La mia vita ora? Avrei potuto studiare, presi un Abitur con voti altissimi, ma ho preferito aprire qualcosa con la mia famiglia. Io e mio fratello abbiamo una gelateria. I nostri genitori ci aiutano. Mia madre sta con me in negozio, mio padre aiuta mio fratello nel produrre gelato. Amo il mio lavoro, quello di vendere il gelato accompagnato dal motto: “Jeden Tag la Dolce Vita”. La dolce vita, come stile di vita, del resto mi perseguita tanto che sto addirittura scrivendo un libro. Si intitola “Mehr Dolce Vita im Service” e oltre a spiegare come fare la differenza con il servizio, rappresenta un appello per tornare alle cose semplici ed emozionali, ricordando che siamo tutti alla ricerca di un modo per rendere migliore la vita. Insomma, ad un servizio pieno di “dolce vita” come farebbe una nonna italiana, quando ti abbraccia con calore, contenta di vederti.  Dopo tanti anni lontana dall’Italia, oggi penso in italiano col cuore, ma il mio libro, che rappresenta tanto lo stile di vita italiano, lo scrivo in tedesco. Direi che questa è la sintesi perfetta della mia vita italiana in Germania.

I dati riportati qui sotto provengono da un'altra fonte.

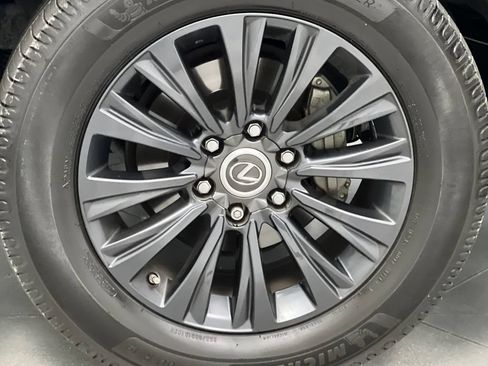 Used 2022 Lexus GX 460 Premium w/ Accessory Package AWD/4WD image 81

Ritornare in Italia sì o no?

Ho coltivato il sogno di tornare in Italia per un paio di anni. Ora ho smesso. Sono conscia che è la cultura italiana che mi sta dando l’opportunità di vivere qui in Germania permettendomi di guadagnare, ma la mia casa è qui e ci vivo volentieri. Ogni anno in vacanza vado comunque in Italia. La vedo con gli stessi occhi di Goethe: “La terra dove fioriscono i limoni …”.  Mi piacciono il caos, le riunioni di famiglia che non si fermano mai, le conversazioni rumorose della gente per strada, l’espresso veloce al bar della piazza, un piatto di “Tagliatelle allo scoglio” cos’ come, però, la lingua e la mentalità tedesca e persino la loro precisione. E vogliamo parlare della Kaesekuchen e il Weißwurst con la senape dolce? Nel calcio tifo sempre per la “Squadra Azzurra”, assieme ai miei genitori, ovviamente. Ed è anche impossibile immaginare di parlare tedesco tra di noi.

Ancora vi state chiedendo perché mio padre lasciò l’Italia? Non per fare i soldi. Scappava da un sistema corrotto, criminale e mafioso. Poco prima che partissimo era stato assassinato il suo migliore amico in un campo con un colpo alla nuca. Fu quello che lo spinse a partire. Dopo aver saputo della morte mio padre disse che se ne sarebbe andato via dall’Italia e non sarebbe più tornato a viverci. È lui un uomo di parola.